Heinzel Group kauft Papierfabrik von UPM

Tod Heinzel-Gruppe hat mit UPM Sie schloss einen Kaufvertrag zum Erwerb von UPM Kymmene Austria und deren Steyrermühl-Tochtergesellschaften in Laakirchen, Oberösterreich.

Die Website wird mit Laakirchen Paper entwickelt Steirmüll Werden Sie zu einer Drehscheibe für nachhaltige Verpackungen und erneuerbare Energien. Laakirchen Paper gehört bereits zur Heinzel Group und ist keine drei Kilometer von der Papierfabrik Steyrermühl entfernt.

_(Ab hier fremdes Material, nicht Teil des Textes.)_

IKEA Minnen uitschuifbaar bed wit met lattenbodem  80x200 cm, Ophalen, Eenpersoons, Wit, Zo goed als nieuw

Tipp der Redaktion: Wie der Erbe der Heinzel Group das Papier fand

Heute betreibt UPM in Steyrermühl eine Zeitungsdruckpapiermaschine, ein Sägewerk und eine Müllverbrennungsanlage, die gemeinsam von Heinzels Laakirchen Papier betrieben werden. UPM plant, den Betrieb am Standort bis Ende 2023 unverändert fortzuführen und dann die Produktion grafischer Papiere einzustellen.

Die Heinzel Group wiederum will die Zeit zwischen Vertragsunterzeichnung und Abwicklung nutzen, um die Umstellung auf eine nachhaltige Verpackungsproduktion zu prüfen, zu planen und vorzubereiten. Diese Bewertung umfasst nicht nur die derzeit in Betrieb befindliche Papiermaschine, sondern auch die zweite Papiermaschine von Steyrermühl, die UPM 2017 stillgelegt wurde.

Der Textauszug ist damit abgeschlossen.